▶ Provided entries:
━━━━━━━━━━━━━━━━

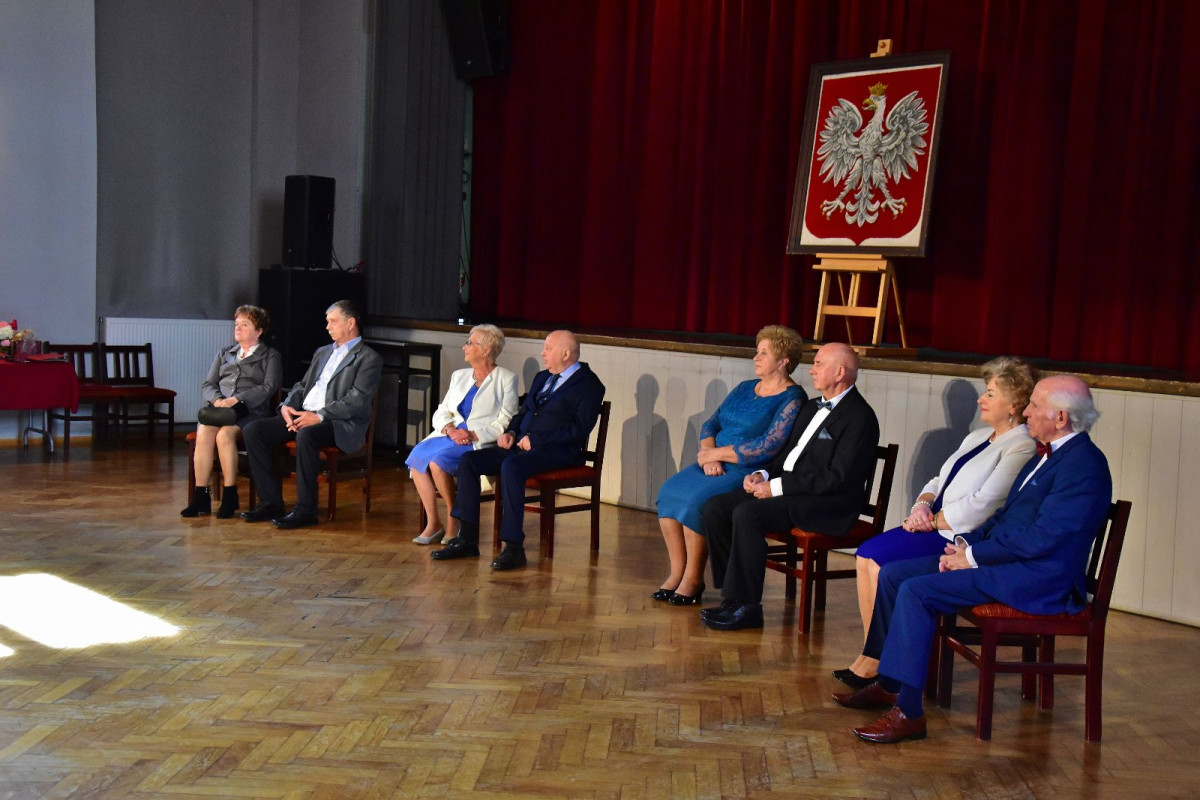 Burmistrz wręczył medale parom małżeńskim [ZDJĘCIA]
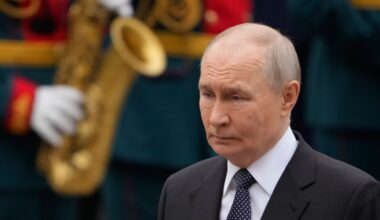 Record 60% of Russians say their economy is getting worse as war costs mount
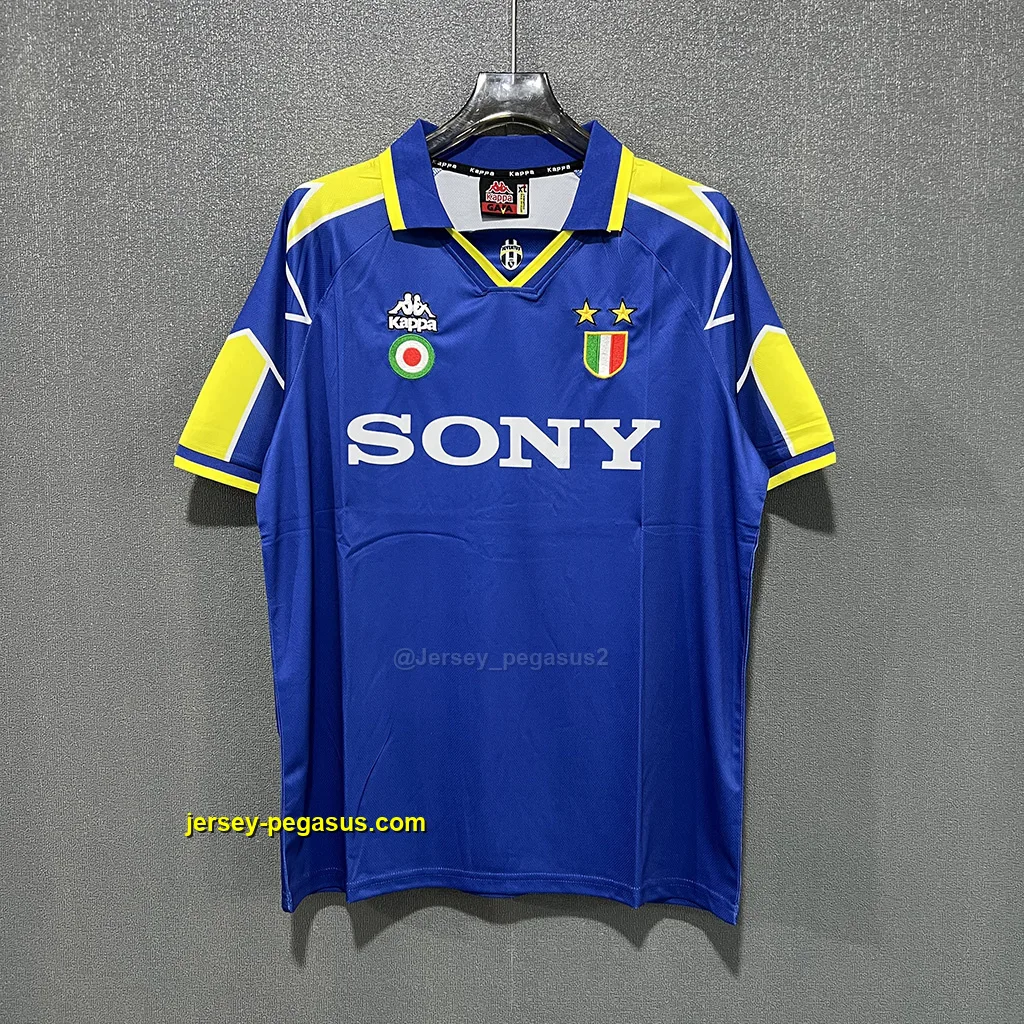 Juventus Retro 96-97 Away Juventus Retro 96-97 Away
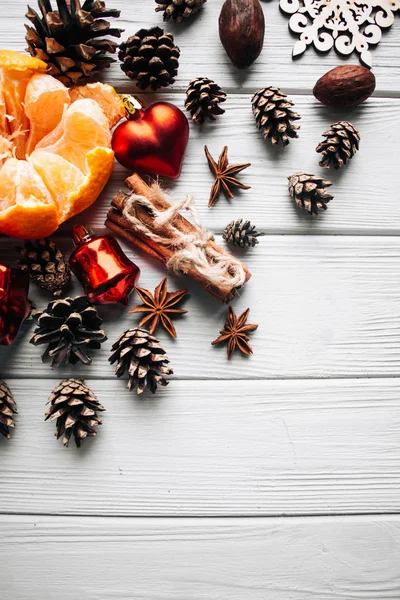 Крупним Планом Свіжий Апельсин Різдвяним Прикрасою Білому Дерев Яному Столі — стокове фото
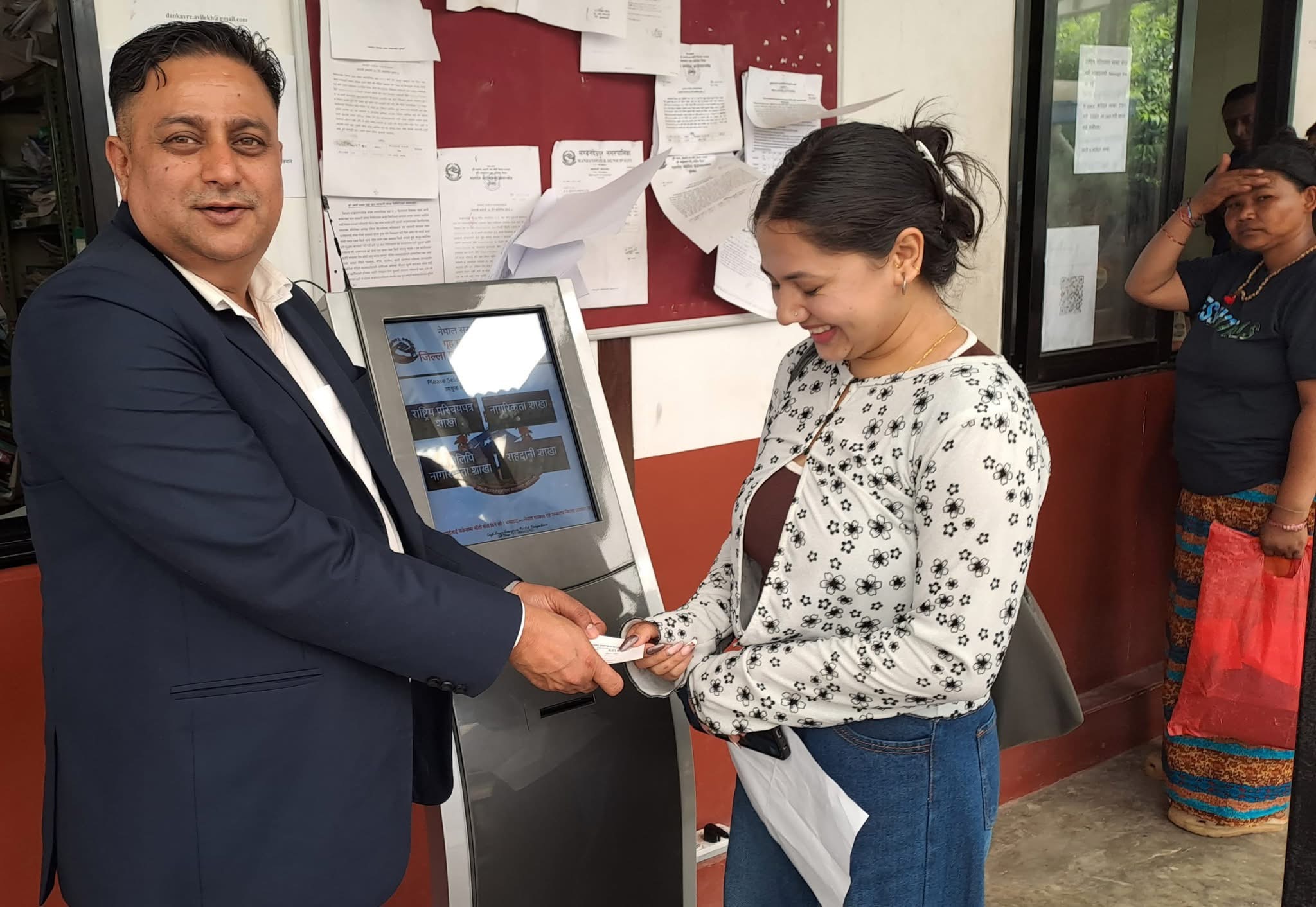 जिल्ला प्रशासन कार्यालय काभ्रेपलाञ्चोकमा डिजिटल टोकन प्रणाली सुरु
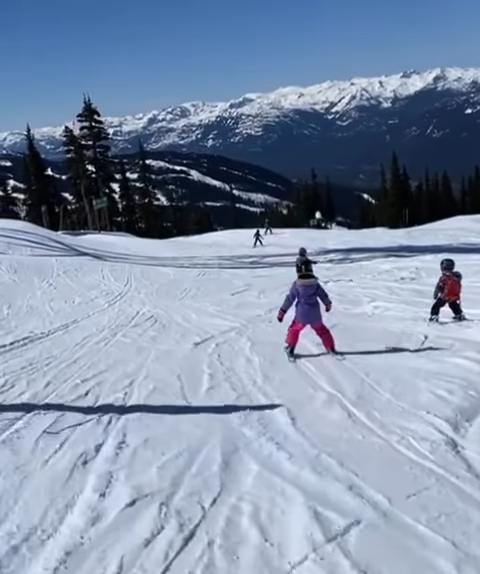 钟嘉欣的大女Kelly，年纪轻轻已经掌握了滑雪的技巧。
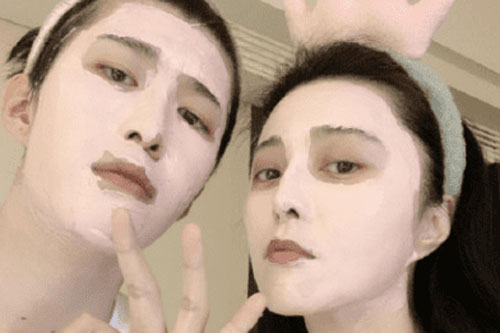 Hậu chia tay Lý Thần, Phạm Băng Băng công khai đăng ảnh cùng làm đẹp với trai trẻ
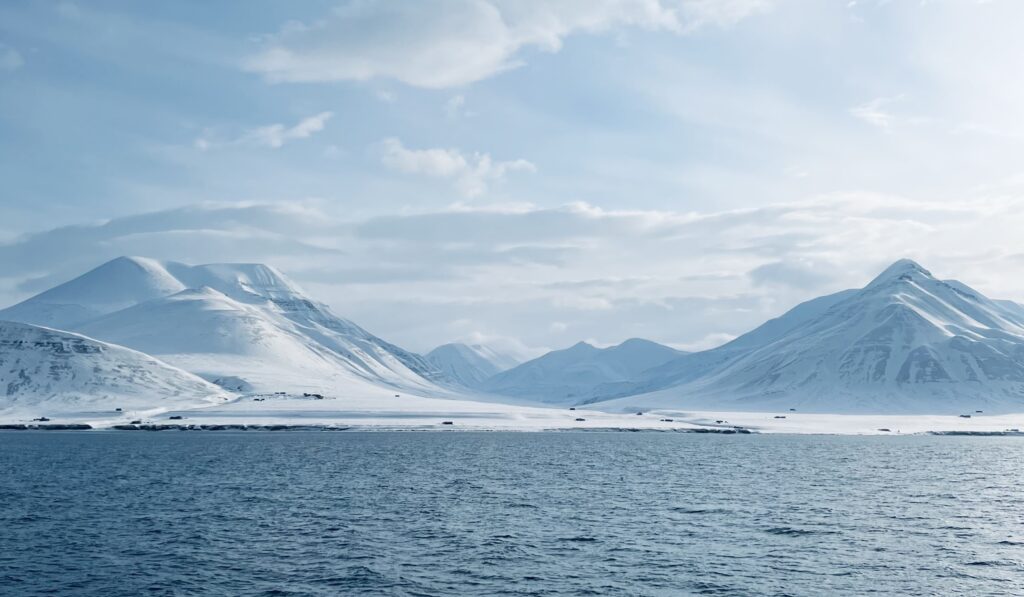 On Spitsbergen a next-gen gateway pilot makes 6 months landmark…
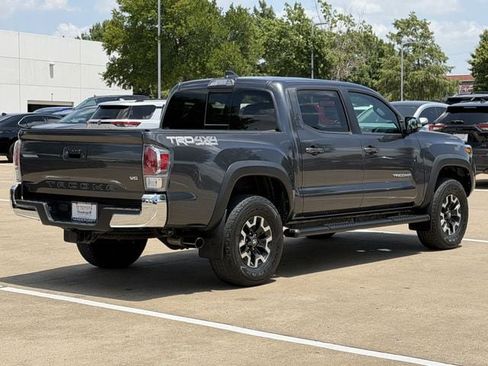Used 2020 Toyota Tacoma TRD Off-Road AWD/4WD image 4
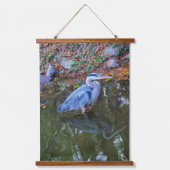 辛抱強く待っている 吊り下げ型タペストリー (正面)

━━━━━━━━━━━━━━━━

▶ Exercise prompt:
Could you write the entries out again exactly, without their pictures?

▶ Solution for this problem:
 Burmistrz wręczył medale parom małżeńskim [ZDJĘCIA]
 Record 60% of Russians say their economy is getting worse as war costs mount
 Juventus Retro 96-97 Away Juventus Retro 96-97 Away
 Крупним Планом Свіжий Апельсин Різдвяним Прикрасою Білому Дерев Яному Столі — стокове фото
 जिल्ला प्रशासन कार्यालय काभ्रेपलाञ्चोकमा डिजिटल टोकन प्रणाली सुरु
 钟嘉欣的大女Kelly，年纪轻轻已经掌握了滑雪的技巧。
 Hậu chia tay Lý Thần, Phạm Băng Băng công khai đăng ảnh cùng làm đẹp với trai trẻ
 On Spitsbergen a next-gen gateway pilot makes 6 months landmark…
Used 2020 Toyota Tacoma TRD Off-Road AWD/4WD image 4
 辛抱強く待っている 吊り下げ型タペストリー (正面)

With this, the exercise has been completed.